L’Europe sociale n’existe pas

Le traité de Lisbonne entrera en vigueur le 1er décembre. Il énonce que l’Union européenne œuvre pour une «économie sociale de marché». Pourtant, certaines décisions de la Cour de justice des communautés européennes (CJCE) suscitent des interrogations sur le caractère social de l’intégration européenne (1).

La CJCE, garante de l’application du droit communautaire, a progressivement acquis un pouvoir de contrôle sur les politiques publiques des Etats membres. Elle juge notamment de la légalité des réglementations nationales selon leur conformité à l’exercice des quatre libertés fondamentales garanties par le traité de Rome : la liberté de circulation pour les personnes, les biens, les services et le capital. Les contradictions entre l’exercice de ces libertés et le respect des droits sociaux fondamentaux sont au cœur de controverses récentes sur des décisions dans des domaines exclus de la compétence européenne par les traités, comme le droit du travail ou la politique sociale. La CJCE a ainsi subordonné l’exercice du droit de grève à la liberté d’établissement (arrêt Viking) et la négociation collective (arrêt Laval), l’existence d’un salaire minimum (arrêt Rüffert) ou son indexation sur les prix (arrêt Luxembourg), à la liberté de fourniture des services. L’activité de la CJCE pour faire respecter la conformité des réglementations nationales avec les libertés fondamentales n’affecte pas les modèles de capitalisme présents au sein de l’Union européenne de la même façon. La libre mobilité des facteurs de production n’est pas une grande menace pour le modèle de capitalisme néolibéral. Toute action faisant la promotion de la liberté d’établissement aura même plutôt tendance à favoriser un modèle qui s’appuie sur des systèmes sociaux, de santé ou de retraite mettant en concurrence des opérateurs privés.
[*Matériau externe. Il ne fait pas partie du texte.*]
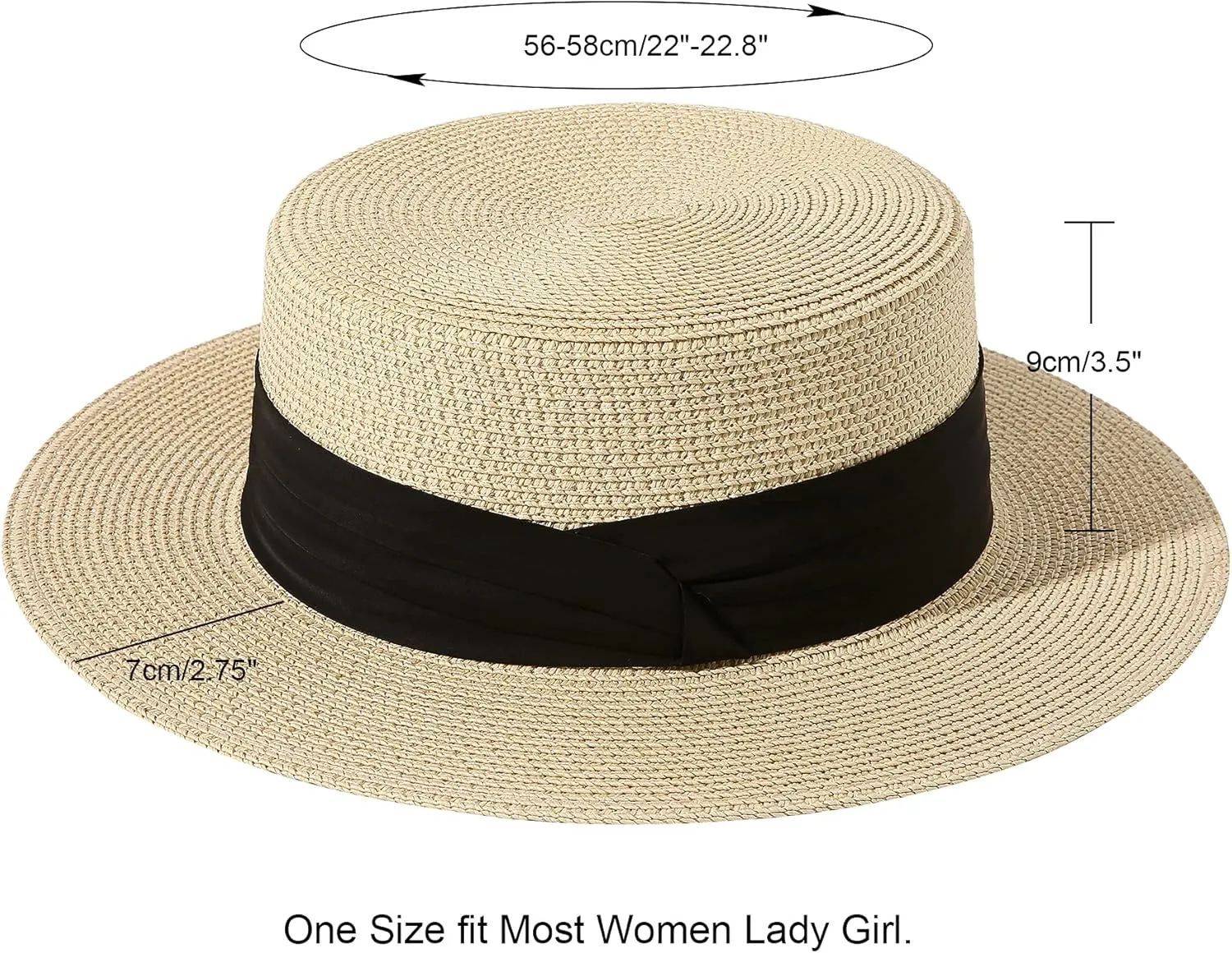 Lanzom Sun Hats for Women Wide Brim Straw Boater Hat Foldable Packable Beach Hat for Summer Fit Size 6 8/7-7 1/4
En revanche, la promotion d’un certain dumping social comme forme légitime de concurrence affectera négativement les autres modèles, particulièrement lorsque la protection sociale est en partie assurée par des organismes qui ne sont ni entièrement publics ni entièrement privés et soumis à la logique de marché. Les pays où le modèle social repose sur les conventions collectives plutôt que sur la législation sont aussi particulièrement menacés. Quand les conditions de travail et d’emploi sont négociées, les services sociaux et les transferts non intégralement publics et financés par des impôts ou des contributions obligatoires, ils peuvent être menacés par les rappels au respect de la liberté de fourniture de services ou d’établissement.
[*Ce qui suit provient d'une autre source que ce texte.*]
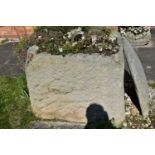 A VERY LARGE AND VERY HEAVY VINTAGE SANDSTONE TROUGH width 86cm depth 85cm height 74cm wall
Quelles que soient les orientations idéologiques des juges, l’action de la CJCE est institutionnellement biaisée en faveur de la libéralisation. La Cour ne peut que désavouer les Etats membres au nom du respect des libertés fondamentales. La promotion d’un modèle social européen demanderait une action politique des Etats membres impossible à atteindre en pratique compte tenu de la diversité des modèles nationaux et des divergences d’intérêts entre les Etats membres. Pour ces raisons, la défense des modèles sociaux en Europe passe par la capacité à préserver les compromis institutionnalisés nationaux entre capital et travail.
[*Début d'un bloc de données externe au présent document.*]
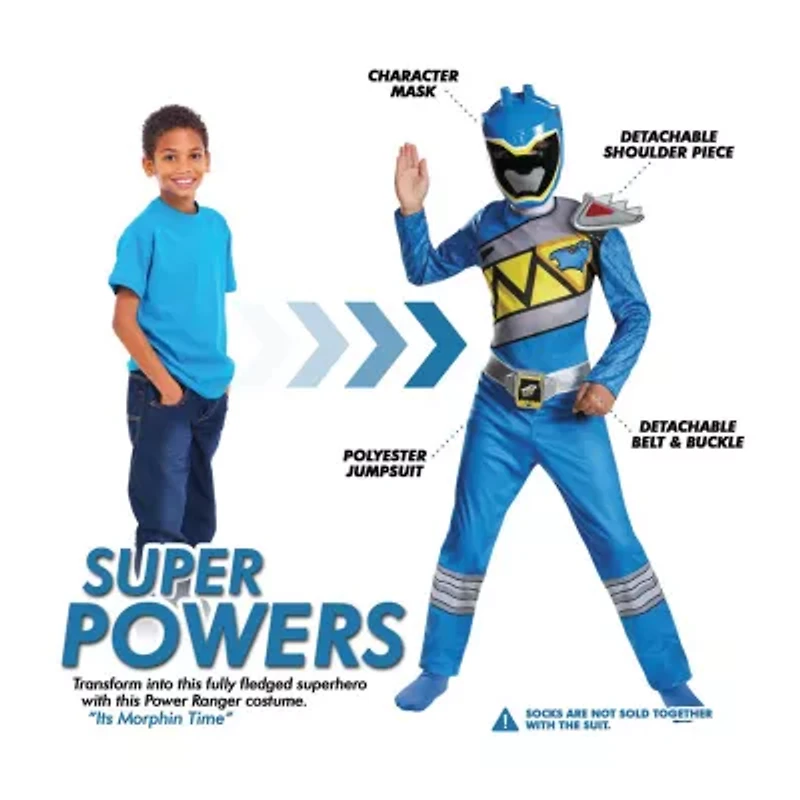 Boys Dino Charge Blue Classic Power Rangers Costume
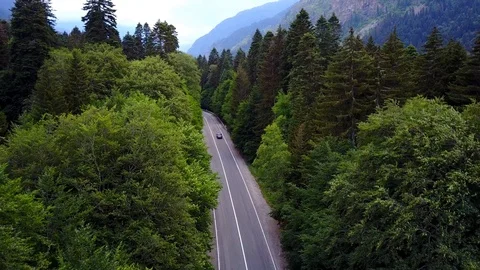 Aerial view flying over old patched two lane forest road Stock Footage 87827882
L’inclusion de droits sociaux fondamentaux dans les traités ne constituerait pas une solution. En renforçant le pouvoir du droit communautaire sur le droit national, la CJCE pourrait directement prendre en charge les arbitrages entre les libertés fondamentales et les droits fondamentaux. Même si elle arbitrait en faveur des droits dans la majorité des cas, il subsisterait une menace pour les compromis politiques sur lesquels reposent les systèmes sociaux nationaux, et qui à l’évidence diffèrent d’une exigence de poursuite de l’intégration européenne sous la forme d’un grand marché concurrentiel. L’action de la CJCE pour imposer la suprématie du droit communautaire dérivé, comme dans l’arrêt Laval avec l’interprétation de la directive sur les travailleurs détachés dans un sens restrictif pour les droits sociaux, peut se heurter à la volonté des cours constitutionnelles nationales de faire respecter les droits fondamentaux.

On peut rappeler que la suprématie du droit européen aurait été établie si le traité constitutionnel européen [Art I-6 (1)] n’avait pas été rejeté lors des référendums français et hollandais de 2005.

(1) Martin Höpner : Usurpation instead of Delegation, et Fritz Scharpf : The Double Asymmetry of European Integration, Max Planck Institute, Cologne.

Bruno Amable, professeur de sciences économiques à l’université Paris-I Panthéon-Sorbonne.